NeRF for Lunar imagery:
A neural radiance field (NeRF) is a neural network that can reconstruct complex 3D scenes from a partial set of 2D images. We capture images of a scene from different viewpoints so that these input 2D images to the NeRF model so that it analyses some features for each images such as:
1) Intensity of light falling at that point
2) The color of the light at a point
3) Camera positioning
4) Spatial information
Working of NeRF for 3D image rendering:
1) Ray Generation:
For each pixel in the desired output (the new view we want to render), NeRF generates a ray that originates from the
virtual camera's position and passes through that pixel. This ray represents the path of light that would reach that
pixel in the rendered image.
2) Sampling Along the Ray:
Along each ray, NeRF takes multiple sample points. These samples represent points in the 3D space that the ray passes
through.

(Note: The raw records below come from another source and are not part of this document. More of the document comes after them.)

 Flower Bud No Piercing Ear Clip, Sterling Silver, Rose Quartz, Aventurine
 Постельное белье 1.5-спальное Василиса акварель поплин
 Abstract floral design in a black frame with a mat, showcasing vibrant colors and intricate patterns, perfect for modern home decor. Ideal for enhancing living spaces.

It is determining what color and density exists at various points along the path of the light ray
3) Neural Network Evaluation:
For each sample point, NeRF feeds its 3D coordinates and viewing direction into the neural network.
The neural network then outputs:
The color of the light at that point (RGB values).
The volumetric density (how opaque the material is at that point).
4) Volume Rendering:
NeRF uses a technique called volume rendering to combine the color and density information from all the sample points
along the ray.
This process simulates how light accumulates as it travels through the 3D scene.
This is conceptually similar to simulating how light passes through a participating medium, like smoke or fog.
Essentially, it integrates the color and opacity along the ray, with the opacity determining how much the color
at a certain point contributes to the final pixel color.
The accumulated color and opacity along the ray will determine the color of the pixel in the new rendered image.
Our Project Implementation of 3D reconstruction of 22D lunar images:
- We have converted all images to jpeg and resized them to 256,256 for easier and smooth operations on them for our deep learning model.
- Since a fixed dataset for authentic lunar images by ISRO was unavailable on public platforms , i have taken them manually.
- We have taken 90 images total since this was a basic project to understand and see working of NeRF models. For much more realistic and advanced projects we would need much more images as well as high computing units for effecient training.
- The NeRF model generates depth maps.
what exactly is a depth map?
---> A depth map is essentially an image where each pixel's value represents the distance of a point in a scene from the viewpoint of a camera. These distances are represented as grayscale values.
---> They are crucial especially in AR VR environments.
This project is a very basic implementation of Neural radiance field models and might not be accurate. For actual implementations we would need proper dataset, advanced algorithms to estimate camera positions and coordinates since for these images no camera angle and information was attached. Moreover, high end GPU's are important for training such large models.